Se houver um conclave para eleger um novo papa, teremos um digno sucessor que seguirá a linha do papa Francisco, ou alguém, mais conservador, que quererá dar alguns passos atrás em matérias mais sensíveis?
É este o medo que persiste na nossa Igreja actual. Daí o papa Francisco ter-se vindo a acelerar em nomear cardeais mais defensores das suas políticas e linhas de actuação.
Será que o papa, durante este ano 2024, nos vai surpreender com a nomeação de novos cardeais, já que haverá 13 que deixarão de ser eleitores?
Tudo está nos segredos dos deuses e sobretudo no segredo do papa Francisco.
Há cardeais de peso muito fiéis e entusiastas das reformas de Francisco, tais como o cardeal Mário Grech, de Malta secretário-geral do Sínodo dos Bispos e o cardeal Matteo Zuppi, Italiano e Presidente da Conferência Episcopal de Itália.
Uma coisa é certa: a vida não pára, e como o papa Francisco já disse, não são os joelhos nem as pernas que governam a Igreja. Contudo, da vida fazem parte também, os contratempos para os quais não podemos adivinhar ou equacionar à priori.
O G9, os nove cardeais, que dão apoio às reformas queridas pelo papa Francisco também vão ficando mais pesados, e dois deles atingirão a idade de não eleitores durante este ano. Por aí deverá começar a reforma, para uma equipa mais nova e mais dinâmica.

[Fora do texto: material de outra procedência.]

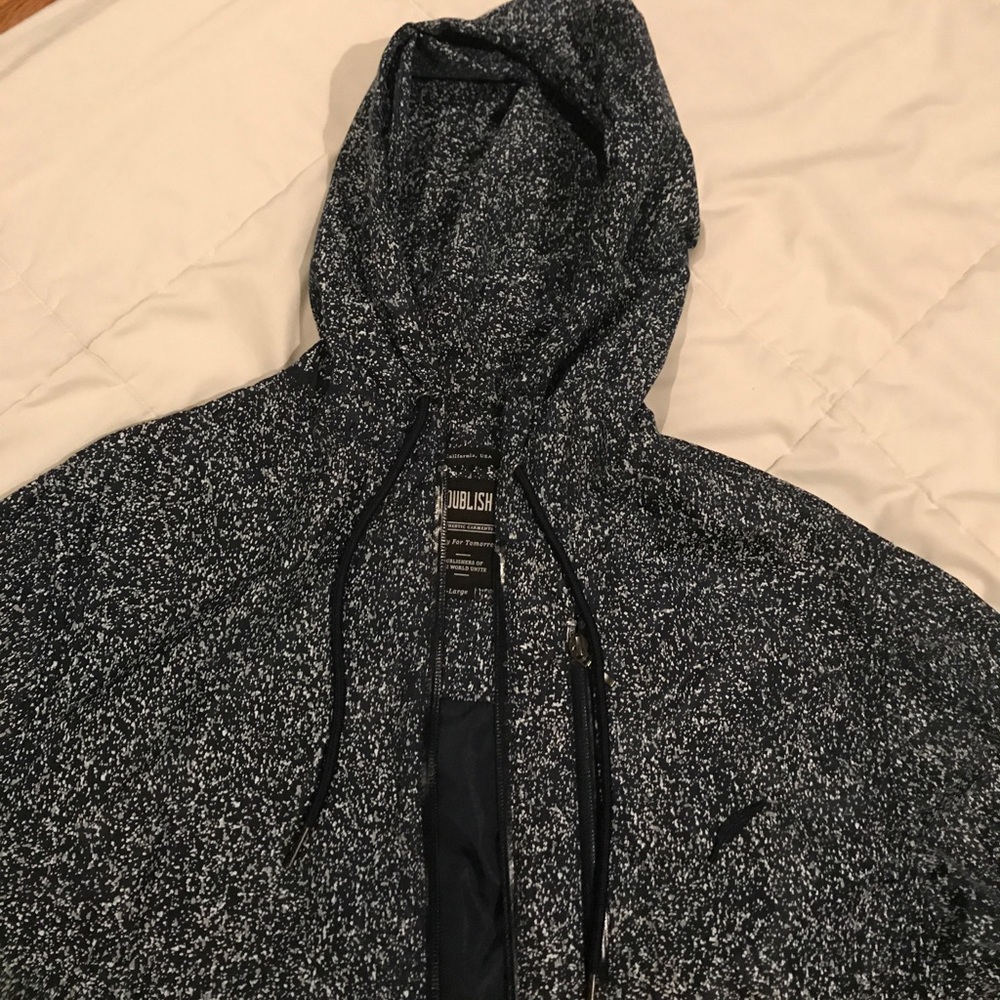 Publish "Neptune" Navy/White Windbreaker 3M - Picture 2 of 3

Nestas certezas e incertezas, a Igreja vai fazendo a sua caminhada, e oxalá que o papa Francisco tenha ainda mais coragem de fazer as reformas necessárias para uma igreja mais atenta aos sinais dos tempos. A começar pela cúria romana que é tida sempre como uma máquina de bloqueio inerente às reformas da igreja tão desejadas por este papa.